JQuery get left and top positions from div based on parent div

Question

I have a draggable divs inside another div and need to get the left and top positions from child div.

<div id="parent">
<div id="child1" style="position:absolute;"></div>
<div id="child1" style="position:absolute;"></div>
</div>

At the moment i get the positions from childs based on the first placement:

$('#iframe_main').contents().find('.button".$key."').draggable({ 
    containment:'#parent',
    scroll: false,
    drag: function(event) {
        o = $('#iframe_main').contents().find('.child').offset();
        p = $('#iframe_main').contents().find('.child').position();

}});

So if i place the child in the right bottom corner of #parent and move it back to the left top corner i get negativ values.

What i want is the left and top postion from child divs based on #parent div.

Answer 1

You need to calculate the position of both element. Please see below.
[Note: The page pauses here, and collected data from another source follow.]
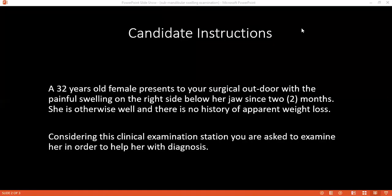My name is Ajay Abbas. Good evening. I'll come into the station, wash my hands, and introduce myself to the patient. Good evening, I'm Ajay Abbas. I've been asked to examine you. I'm the candidate in this exam. Can I confirm your name and age please?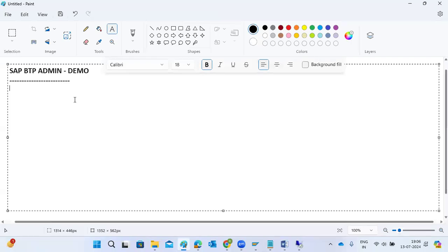Thanks everyone for joining the big demo session for today, during the weekends as well. Really appreciate it. Let me give some introduction about BTP admin.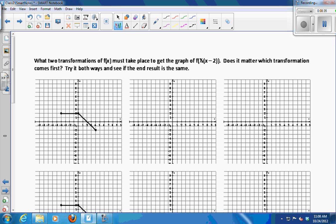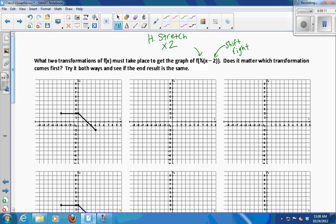Let's look at one more: f of one-half times x minus 2. What two transformations are happening here? The minus 2 inside indicates a shift right 2. And the one-half tells us to do a horizontal stretch by a factor of 2. Work in your groups — do the stretch then the shift, and also the shift then the stretch. See if the results are the same. If they're not, figure out which one is correct.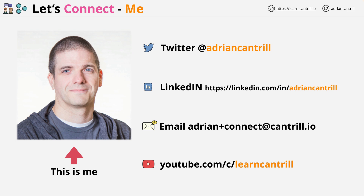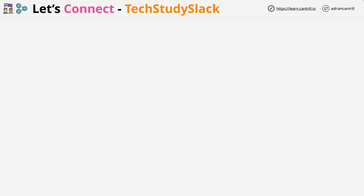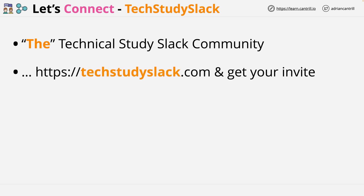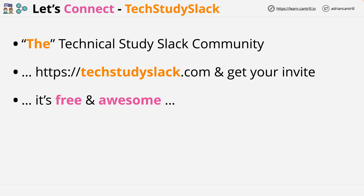Beyond me personally, there's also the Tech Study Slack community. In my opinion, it's the premier technical study Slack community available on the internet. To get access, you just need to visit techstudyslack.com, enter your email address, and get an invite. Crucially, it's free, and it's awesome.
This is an example what you can make.

$('#iframe_main').contents().find('.button".$key."').draggable({ 
    containment:'#parent',
    scroll: false,
    drag: function(event) {
        o = $('#iframe_main').contents().find('.child').offset();
        p = $('#iframe_main').contents().find('#parent').offset();

        childtop = o.top - p.top;
        childleft = o.left - p.left;
        console.log(childtop + " " + childleft);

}});